“Not a cent—nothing,” said
Terry, but he was deeply moved.
Denver thoughtfully restored the money to his wallet.
“You’re white,” he said gently.
“And you’re straight as they come.
Keep it up if you can. I know damned well that
you can’t. I’ve seen ’em try
before. But they always slip. Keep it up,
Black Jack, but if you ever change your mind, lemme
know. I’ll be handy. Here’s luck!”
And he was gone as he had entered, with a whish of
the swiftly moved door in the air, and no click of
the lock.
The door had hardly closed on him when Terence wanted
to run after him and call him back. There was
a thrill still running in his blood since the time
the yegg had leaned so close and said: “That
wasn’t Black Jack’s way!”
He wanted to know more about Black Jack, and he wanted
to hear the story from the lips of this man.
A strange warmth had come over him. It had seemed
for a moment that there was a third impalpable presence
in the room—his father listening.
And the thrill of it remained, a ghostly and yet a
real thing.
But he checked his impulse. Let Denver go, and
the thought of his father with him. For the influence
of Black Jack, he felt, was quicksand pulling him
down. The very fact that he was his father’s
son had made him shoot down one man. Again the
shadow of Black Jack had fallen across his path today
and tempted him to crime. How real the temptation
had been, Terry did not know until he was alone.
Half of ten thousand dollars would support him for
many a month. One thing was certain. He must
let his father remain simply a name.
Going to the window in his stocking feet, he listened
again. There were more voices murmuring on the
veranda of the hotel now, but within a few moments
forms began to drift away down the street, and finally
there was silence. Evidently the widow had not
secured backing as strong as she could have desired.
And Terry went to bed and to sleep.
He wakened with the first touch of dawn along the
wall beside his bed and tumbled out to dress.

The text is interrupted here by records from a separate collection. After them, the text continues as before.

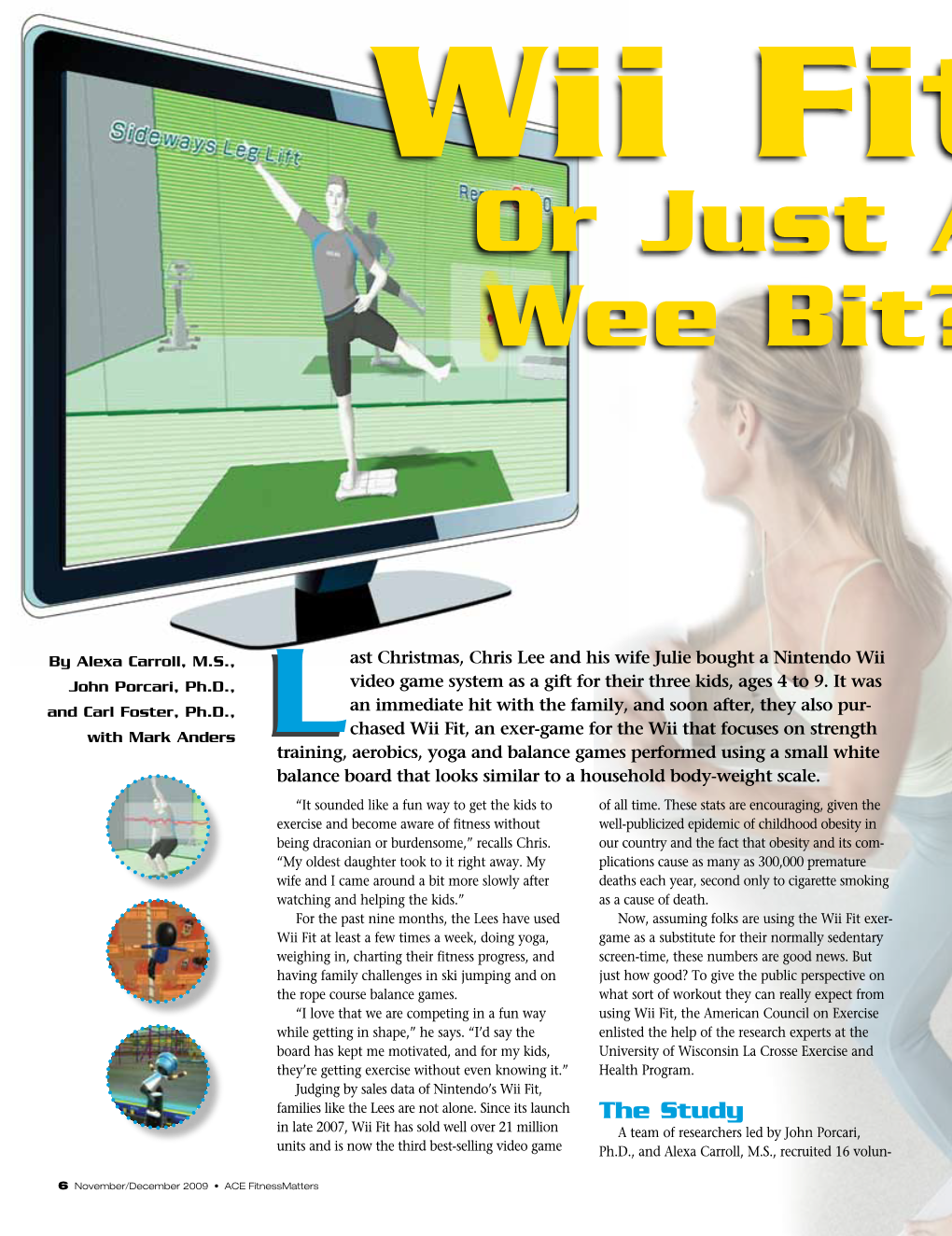 Wii Fit– Or Just a Wee Bit?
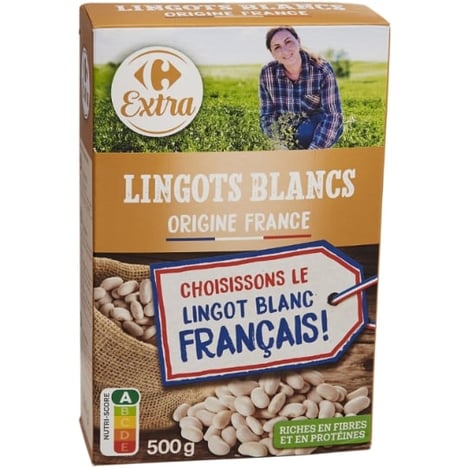 CARREFOUR Haricots Lingots Blancs 500 g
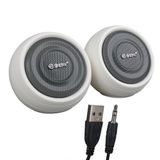 Nacario Magicvoice Mv-24845 1+1 Usb Aux Oval Multımedia Ses Sistemi Speaker - Hoparlör 2X3Watt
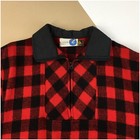 Vintage Mens Wool Pullover Jacket  Buffalo Plaid  Half Zip Size Medium
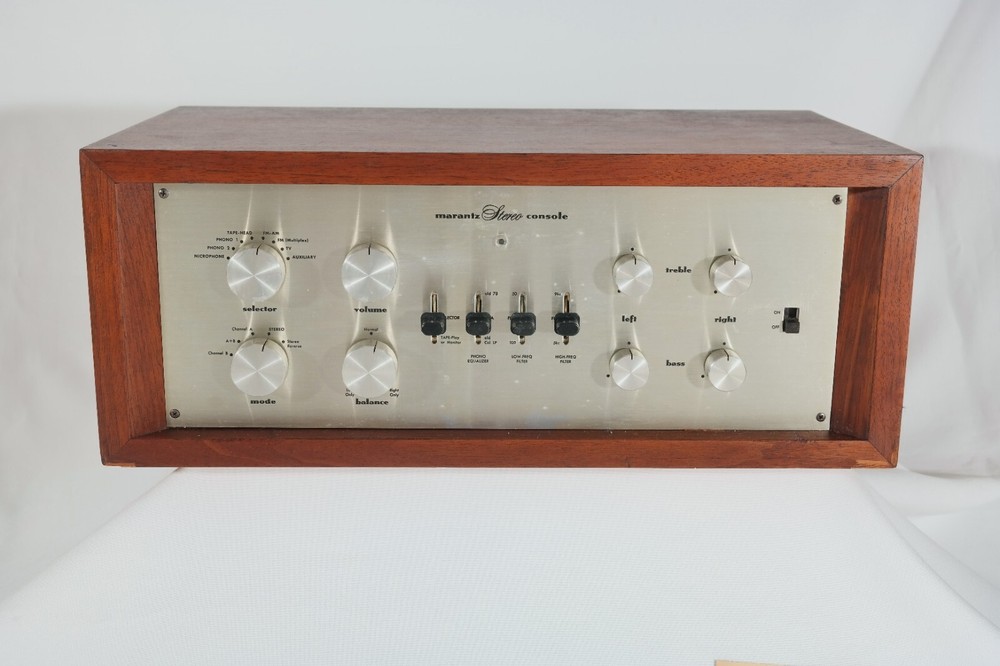 Marantz Model 7 Tube Preamplifier All Original BumbleBee capacitors cabinet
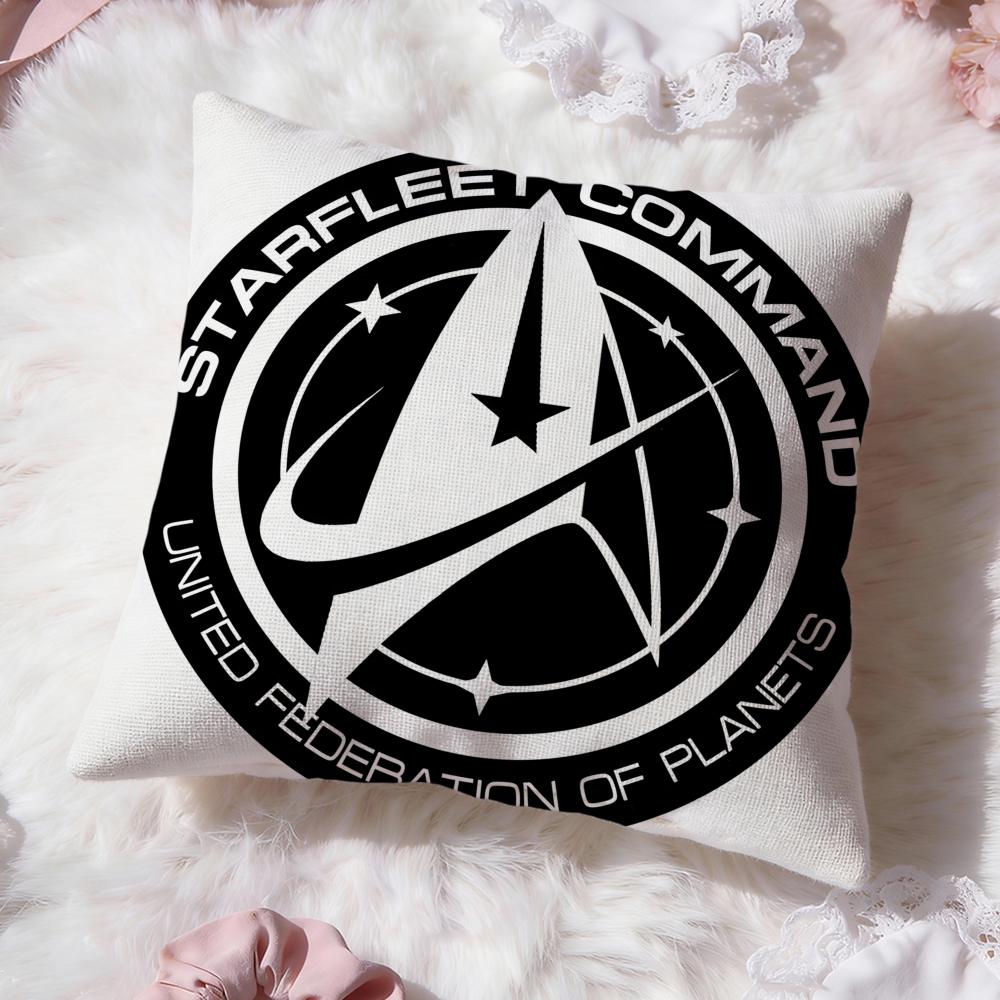 Movie S-Star Trek ShipS Cushion Cover Premium Comfort Reversible Pillow Cove -Two in One Design for Any Room & Car Interior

It was early, even for a mountain town. The rattling
at the kitchen stove commenced while he was on the
way downstairs. And he had to waste time with
a visit to El Sangre in the stable before his breakfast
was ready.
Craterville was in the hollow behind him when the
sun rose, and El Sangre was taking up the miles with
the tireless rhythm of his pace. He had intended
searching for work of some sort near Craterville, but
now he realized that it could not be. He must
go farther. He must go where his name was not
known.
For two days he held on through the broken country,
climbing more than he dropped. Twice he came
above the ragged timber line, with its wind-shaped
army of stunted trees, and over the tiny flowers of
the summit lands. At the end of the second day
he came out on the edge of a precipitous descent to
a prosperous grazing country below. There would
be his goal.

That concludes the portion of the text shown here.